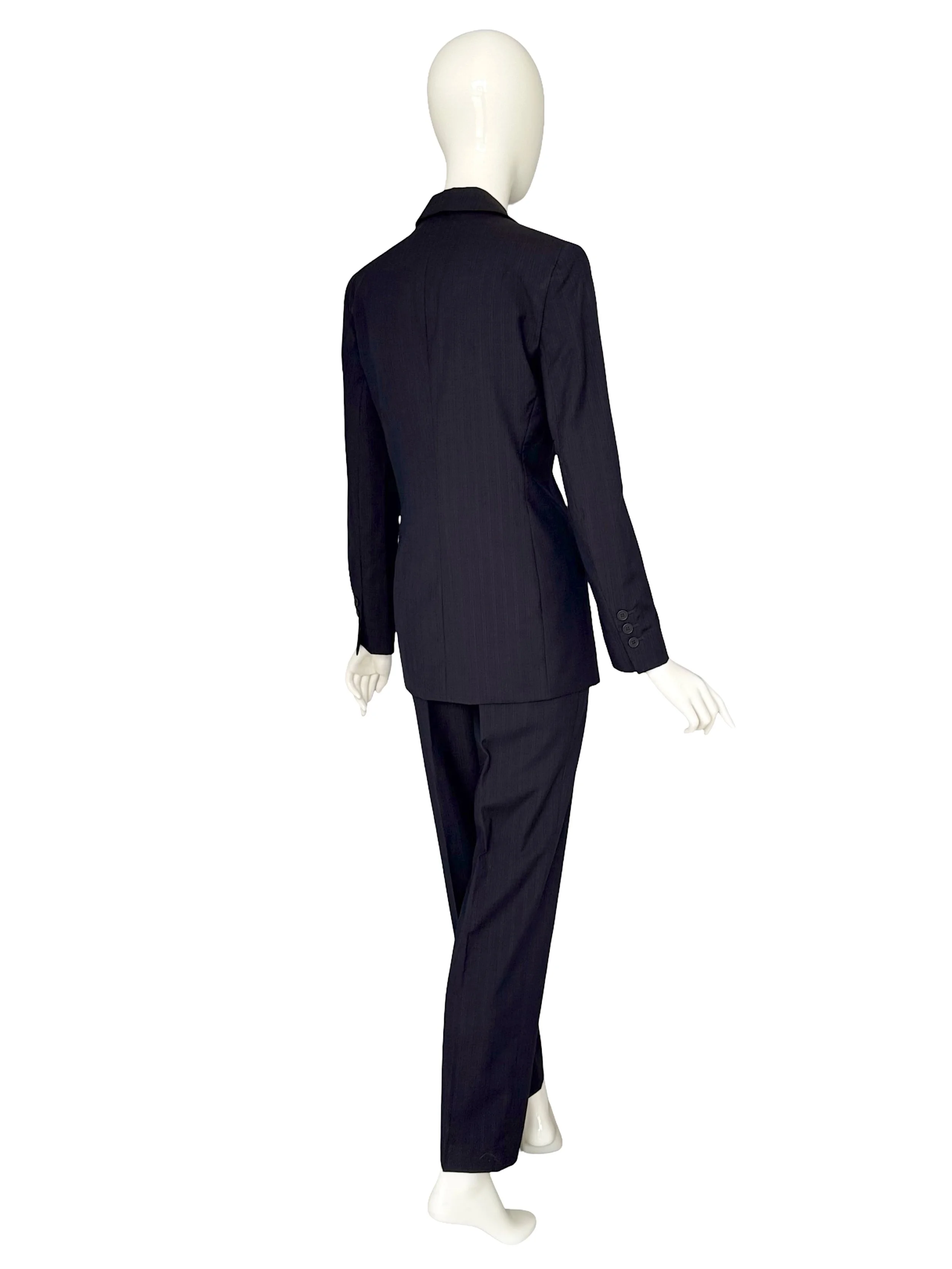 CK-katemoss-suit-7.jpg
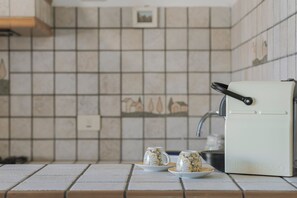 Full-size fridge, microwave, oven, stovetop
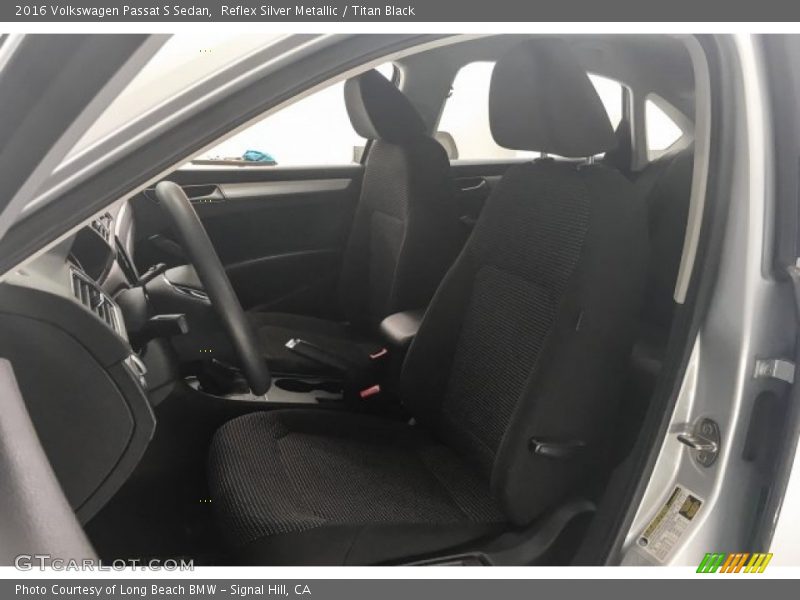 Reflex Silver Metallic / Titan Black 2016 Volkswagen Passat S Sedan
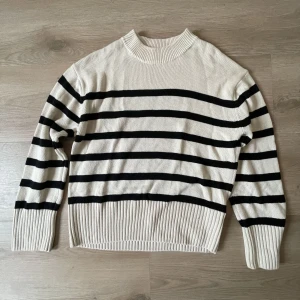 Stickad tröja - Helt ny stickad tröja från Gina tricot. Stl S. 🩷🩷💘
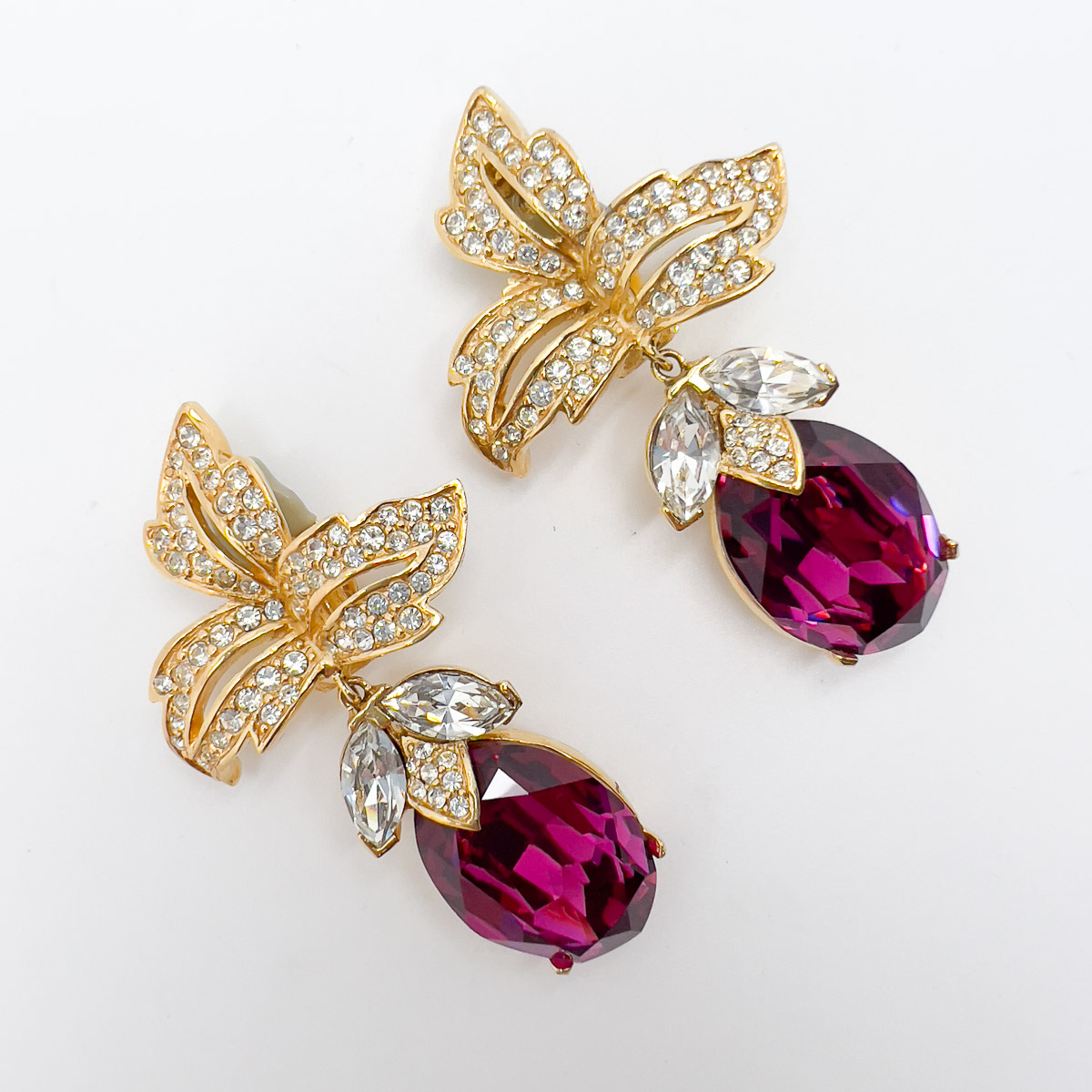 Jennifer Gibson Jewellery 1709 (4) Vintage Ciner Hot Pink Earrings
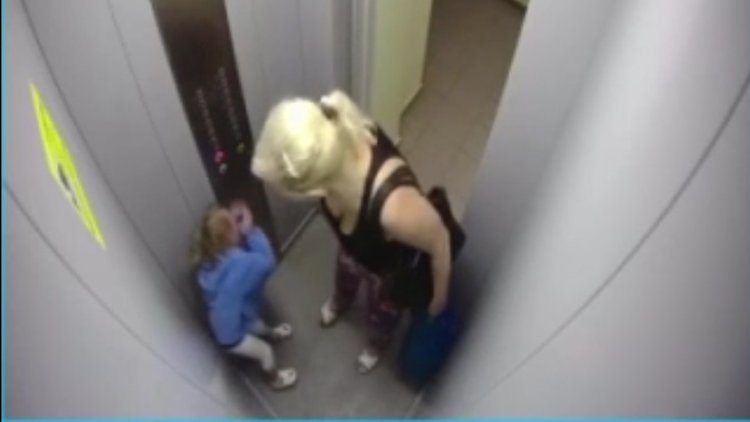 Grandmother beat a child in an elevator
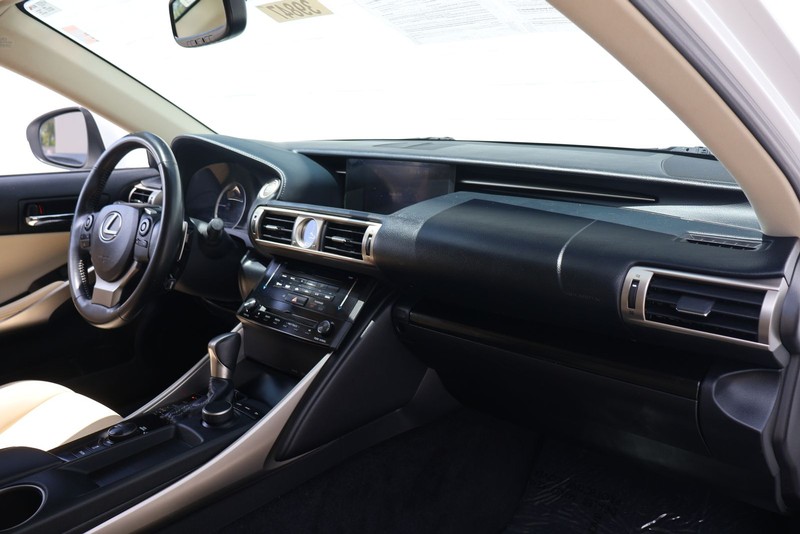 Lexus IS 250 Vehicle Full-screen Gallery Image 18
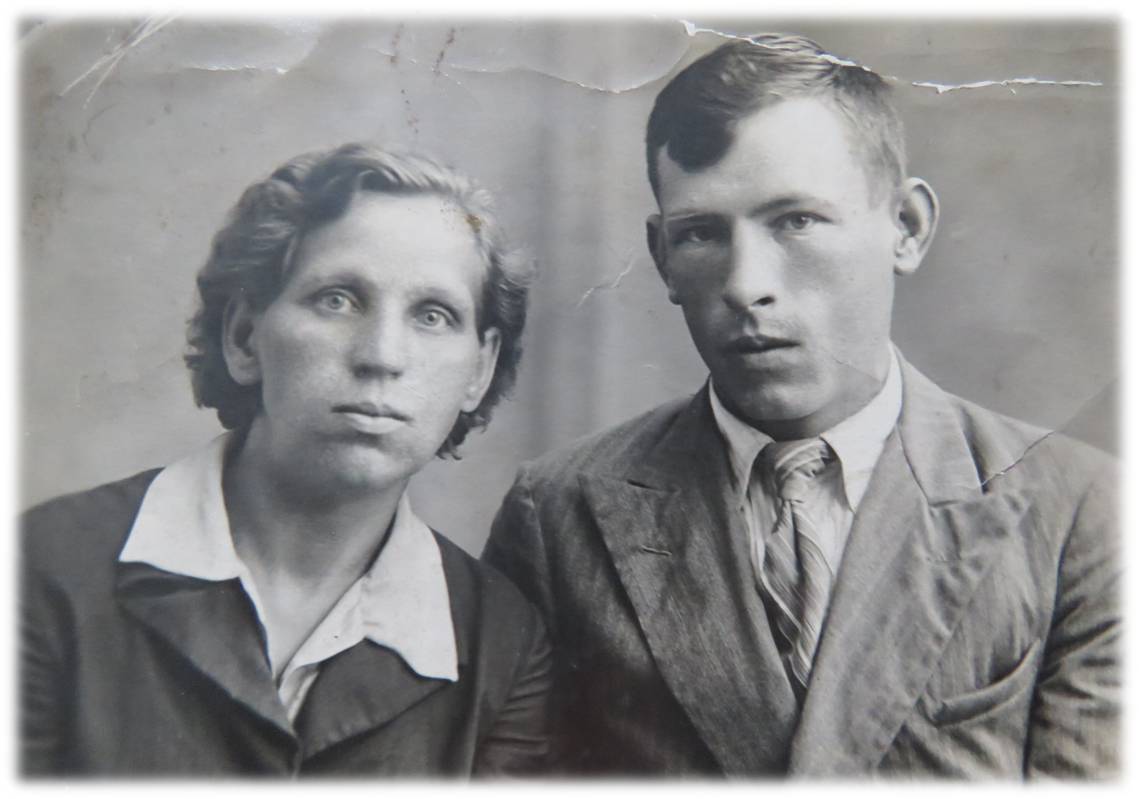 Константин Федорович Котельников. с женой Варварой Ивановной. Сарапул, 1940-е гг.
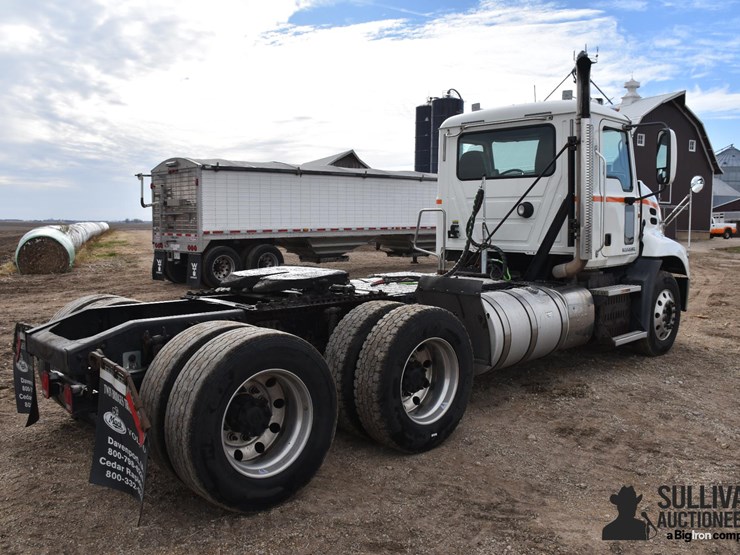 2011-mack-cxu613-t/a-truck-tractor-image-5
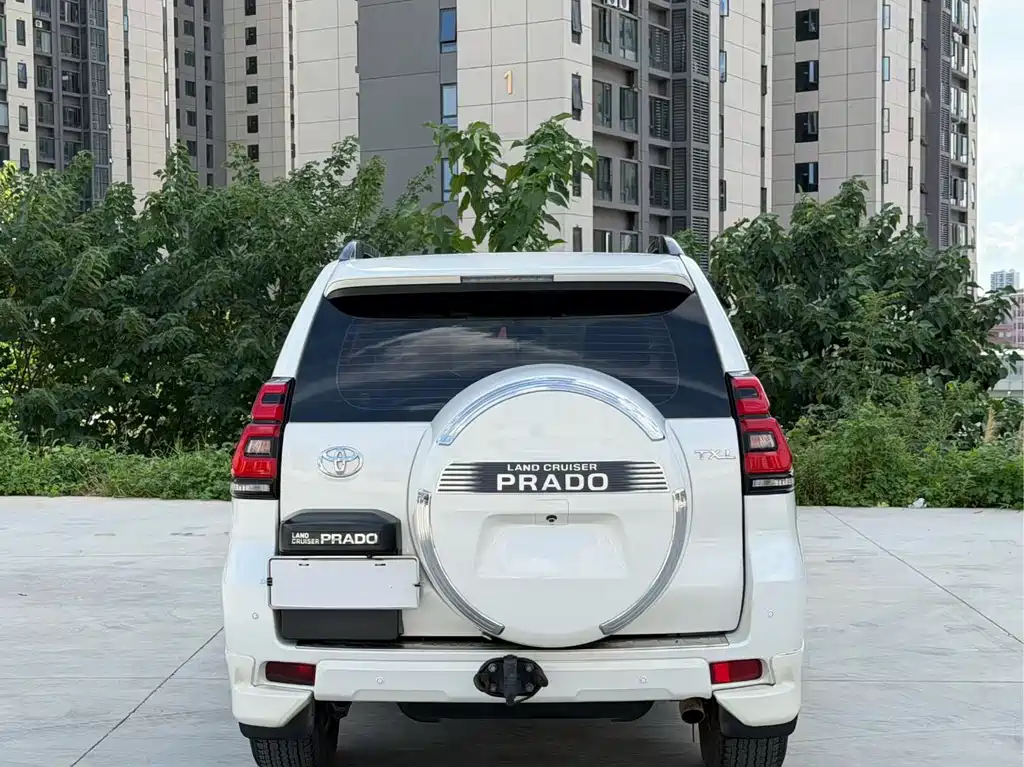 Toyota Prado (Import) — фото 8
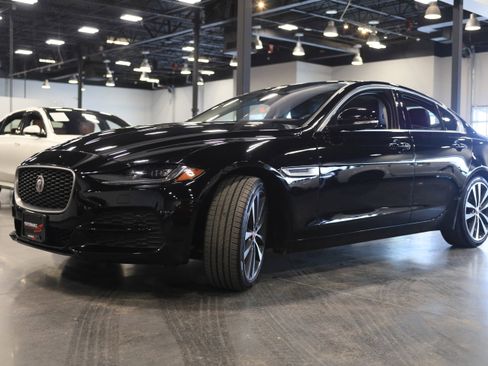 Used 2020 Jaguar XE S image 3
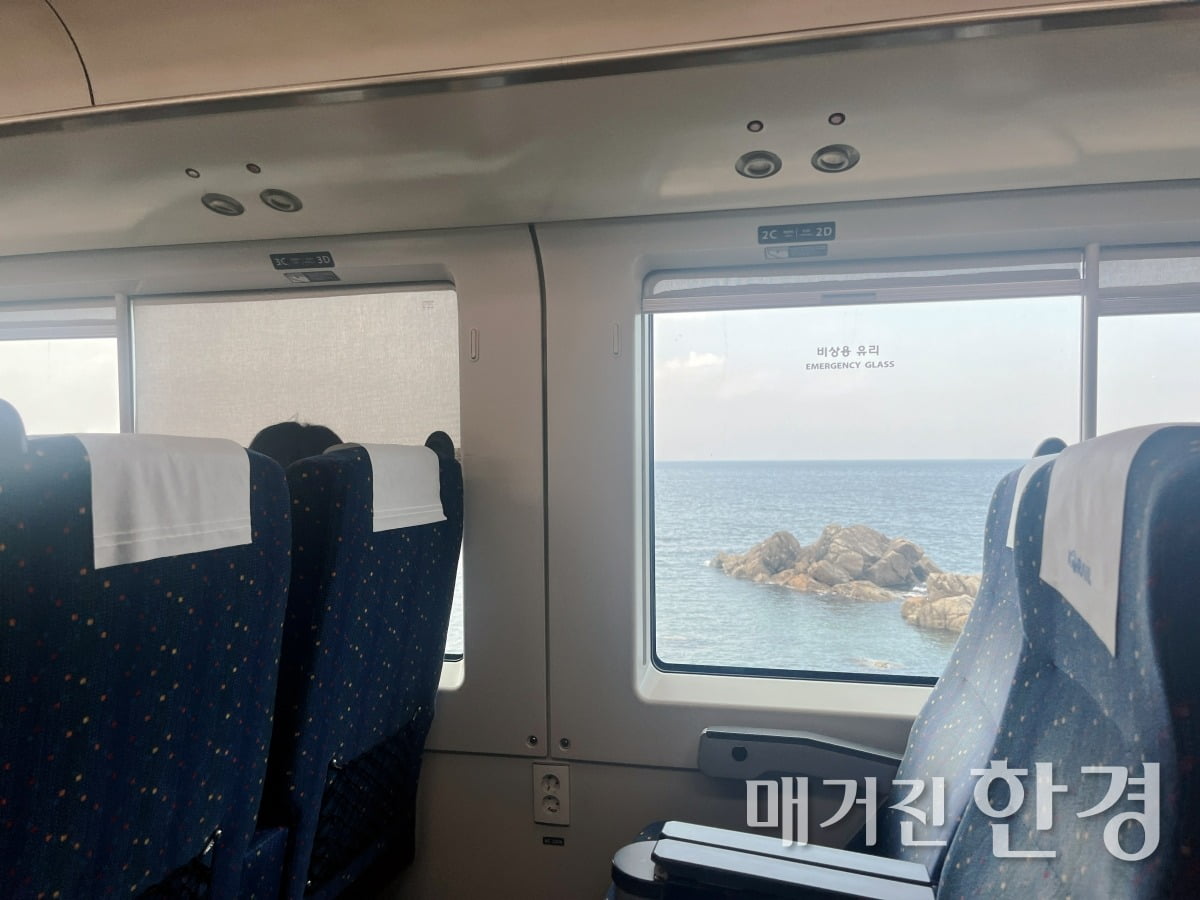 누리로 창문 너머로 보이는 동해바다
###
Description of the task: Except for the pictures, set down all of the records exactly.

Answer to this problem:
 CK-katemoss-suit-7.jpg
 Full-size fridge, microwave, oven, stovetop
 Reflex Silver Metallic / Titan Black 2016 Volkswagen Passat S Sedan
 Stickad tröja - Helt ny stickad tröja från Gina tricot. Stl S. 🩷🩷💘
 Jennifer Gibson Jewellery 1709 (4) Vintage Ciner Hot Pink Earrings
 Grandmother beat a child in an elevator
 Lexus IS 250 Vehicle Full-screen Gallery Image 18
 Константин Федорович Котельников. с женой Варварой Ивановной. Сарапул, 1940-е гг.
 2011-mack-cxu613-t/a-truck-tractor-image-5
 Toyota Prado (Import) — фото 8
 Used 2020 Jaguar XE S image 3
 누리로 창문 너머로 보이는 동해바다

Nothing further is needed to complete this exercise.